# Timing?



## Jacobsk1 (Apr 26, 2019)

New to the site. Always wanted to hunt and now I have someplace in Preble County to go! Question: I have to work in KY this weekend. Will I still be able to find some Monday or will that be too late?


----------



## shroomsearcher (Apr 7, 2018)

Why not check the Kentucky boards? You're allowed, you know? I suppose this is too late for you, but they are still finding them there. Heck, they're still finding them in Missouri!


----------



## Jacobsk1 (Apr 26, 2019)

shroomsearcher said:


> Why not check the Kentucky boards? You're allowed, you know? I suppose this is too late for you, but they are still finding them there. Heck, they're still finding them in Missouri!
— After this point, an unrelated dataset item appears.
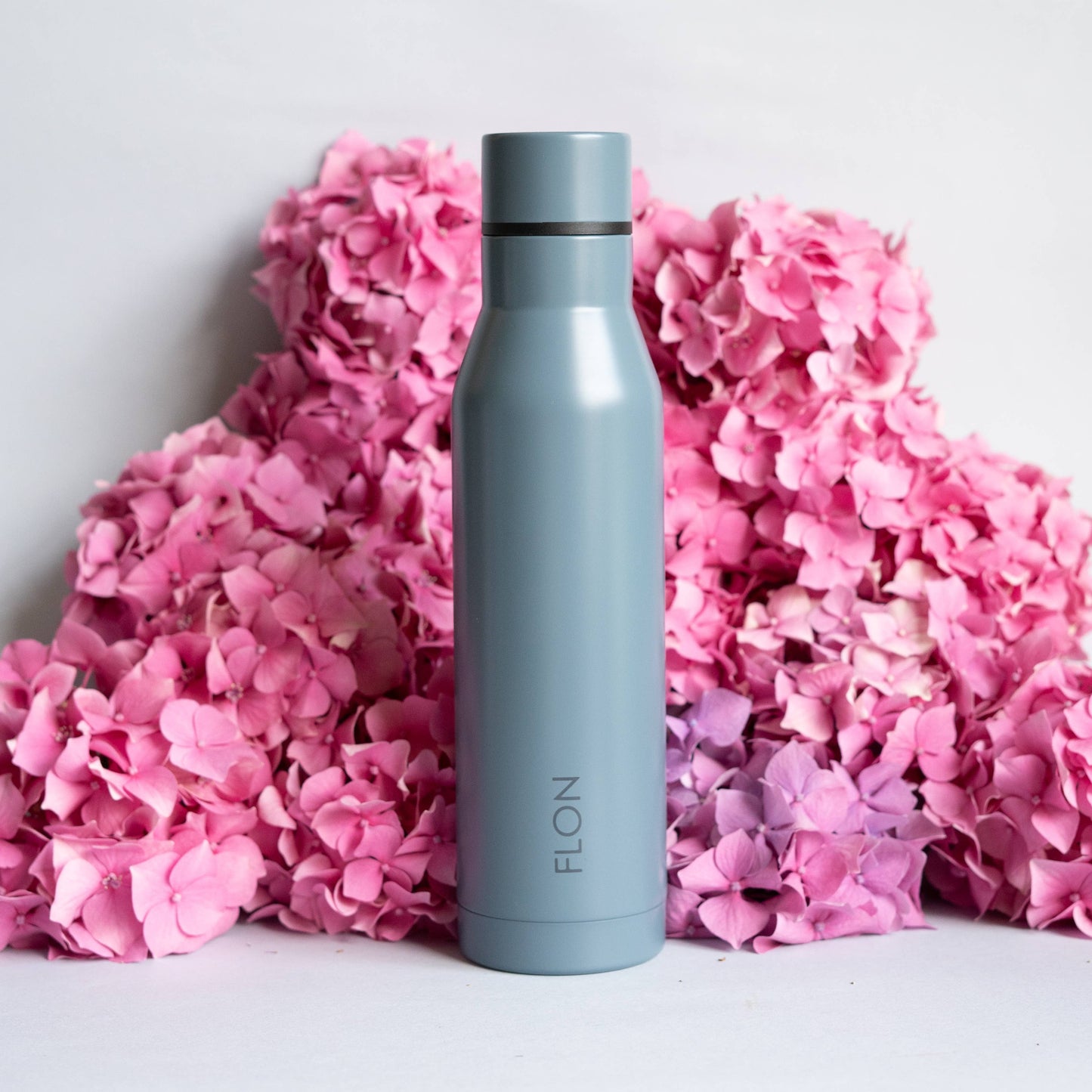 Gray water bottle with black lid on pink flowers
Sorry, misunderstanding. I am


----------



## Jacobsk1 (Apr 26, 2019)

Preble County OHIO. I am in KY this weekend for business. I did go looking in Devoes Park in KY on my lunch hour,though.


----------



## shroomsearcher (Apr 7, 2018)

OK, I misunderstood. You wanted to know if you can still find them in Preble Co.! So, check the Ohio boards. There were nice finds posted from Pike and Vinton Cos. recently, and they're both south of you in latitude. And like I said, they're still finding them way down in Missouri!


----------